George e Matilda avanzano negli anni vagheggiando sempre più un desiderio di libertà: a un certo punto della loro vita decidono di risparmiare tutti i soldi che arrivano dalle vittorie ai tornei per comprare la loro libertà e quella di tutta la famiglia, anche se per raggiungere la cifra fissata da massa Lea per il riscatto forse non basterà tutto il resto della loro vita.
Eppure quel giorno, tanti anni dopo, nel 1855, sembra arrivato. Chicken George e il vecchio Tom Lea sono ormai due allevatori di galli da combattimento famosi in tutto il Nord Carolina. Partecipano ad un ultimo prestigioso torneo dove sfidano un ricchissimo lord inglese. Dopo aver vinto una somma che consente a George di riscattare ampiamente tutta la sua famiglia e rende ricco sfondato Tom Lea, quest’ultimo, provocato nell’onore dall’inglese, anziché ritirarsi con la somma già conquistata, accetta la rivincita chiestagli dall’avversario. George non può discutere la decisione del padrone. Giocano ancora, ma questa volta il loro gallo viene ucciso e perdono tutto.

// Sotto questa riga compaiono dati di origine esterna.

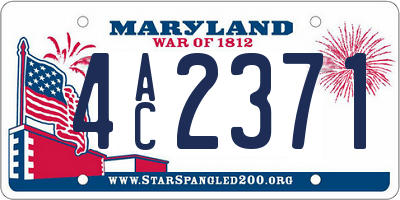 MD license plate 4AC2371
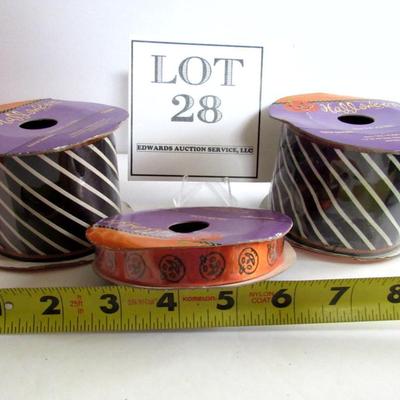 3 Rolls Halloween Ribbon, Unused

La cifra che Tom Lea deve pagare all’inglese alla fine del torneo è talmente elevata che egli è costretto ad ipotecare la piantagione e a mandare George in Inghilterra ad istruire gli addestratori di galli del lord inglese. Il sogno di Chicken George è così sfumato, egli deve attendere ancora per la libertà. Ma il padrone gli prepara già un certificato scritto di emancipazione e lo chiude in una cassetta di metallo: quando George tornerà dall’Inghilterra sarà libero.
Per ben cinque anni Chicken George rimane in Inghilterra. Nel frattempo la sua famiglia è guidata da Tom, il quarto dei suoi figli: un ragazzo mite, con la testa sulle spalle, che ha imparato benissimo il mestiere di fabbro.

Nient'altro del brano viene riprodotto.